Simon Hughes: Yes, like David the straight answer's no, it's a beginning, it's only a beginning. I pay tribute to Tony Blair and to the Chancellor of the Exchequer, who've made it absolutely clear that they thought this was fundamentally important, Hilary Benn and to the government, I unqualifiedly pay tribute and I think that at last we've begun to look over to a part of the world where we were the colonial power and where they are so much poorer and have been deprived of huge opportunities. Of course there are governance issues, huge governance issues, there are endemic issues - there's the need to get the agriculture sorted, there's the need to get rid of the malaria and deal with AIDS and HIV - there are huge issues - but we've begun. But it really is only the beginning. And it links Jonathan back to the last question. There's an injustice question here, the rich north west of the world, our countries, [indistinct words] 80% of energy consumption. This part of the world has all the assets and everything going for it and so we have to move it on. And the one thing that was missing, it was a great beginning, and it's not my phrase, it's a colleague of mine, he won't be able to solve the problems of Africa without the leaders of Africa being there round the table too, they have to be equal partners - equal partners - countries like Nigeria with one hundred and twenty million, South Africa hundreds - tens of millions of people and the phrase somebody gave me was you can't debate about them without them and you can't decide about them without them. And when we get them round the table as equals then we'll really make progress.
Jonathan Dimbleby: [clapping] Secretary of State.
Alan Johnson: Well, a propos what we were just talking about part of the deal at Gleneagles is to give three billion dollars to the Palestinian authority and I think as the Middle East is such a central issue in the questions we've been addressing that's good news. No, it won't solve the problems of Africa but if you look at those three issues - debt, aid and trade - the announcements today and a couple of weeks ago from the G8 finance ministers show that firstly there's a huge leap forward in tackling debt, secondly, in relation to aid - the Commission for Africa's recommendation that we double the amount of aid to Africa by 2010 has been met by today's declaration...
Jonathan Dimbleby: The Commission actually wanted 2008 - the Africa Commission wanted 2008 and in fact the [indistinct word] said he would have liked it to be 2008 but 2010...
Alan Johnson: Okay, two years after - two years...
Jonathan Dimbleby: It's according to the critics it's big money and many debts.
Alan Johnson: But it's very significant that we've achieved a doubling of the aid to Africa - that's twenty-five to fifty billion dollars - twenty-five billion dollars of which will go to Africa. The big issue is trade, that's the big central issue. Here we have a situation where in world trade you have something like a hurdle race with a difference because the weakest countries face the biggest hurdles because whilst we lecture developing countries about reducing their trade barriers and their tariffs we ourselves in developed countries have huge trade barriers for our special interests - mainly agriculture. And I think whilst there wasn't a date put on the declaration today in terms of where they want to be, I think that will give us the momentum to lead in to the Hong Kong ministerial discussions on the Doha development round in December to actually get an agreement in the World Trade Organisations - World Trade Organisation to actually rid all of the developed countries of all their trade barriers.

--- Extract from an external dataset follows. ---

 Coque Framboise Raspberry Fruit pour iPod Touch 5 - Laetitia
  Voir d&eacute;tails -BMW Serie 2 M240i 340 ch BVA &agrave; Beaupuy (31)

Jonathan Dimbleby: What would be a reasonable timescale in your judgement, given the importance you attribute to it and the scale of...
Alan Johnson: Our ambition - our ambition is 2010, our ambition on that is 2010.
Jonathan Dimbleby: You were campaigning to make poverty history Brian Eno, what do you make of it?
Brian Eno: Actually, I have to correct you there. I was quite sceptical of the campaign to begin with - the Live 8 campaign - and I sort of became converted to it because I thought really the main message of Live 8 was this: the people of the world are giving politicians permission to think bigger than their nation, and longer than the next election. Now I'm sure politicians usually think that they have to operate in their immediate local interests and obviously they want to be re-elected. What I think the message of Live 8 was solving these global problems than these particular national and short term problems. So I think it was a message from people saying we're not thinking small and we're not thinking short-term. Now I would say I'm moderately disappointed really with the result. I think the really difficult issue to solve was the trade issue and I don't think any real progress has been made on that, so we're still rather in the position of it being kind white people helping poor black people, whereas the position we'd like to be in is black people able to run their own affairs. What David said at the beginning was very nice and very kind-hearted but in fact we're sort of asking these people to run this race with both their feet tied together because they're in such a disadvantaged position at the moment. So I'm hoping that politicians will start to realise that their constituents will regard them well and like them for thinking big and thinking long.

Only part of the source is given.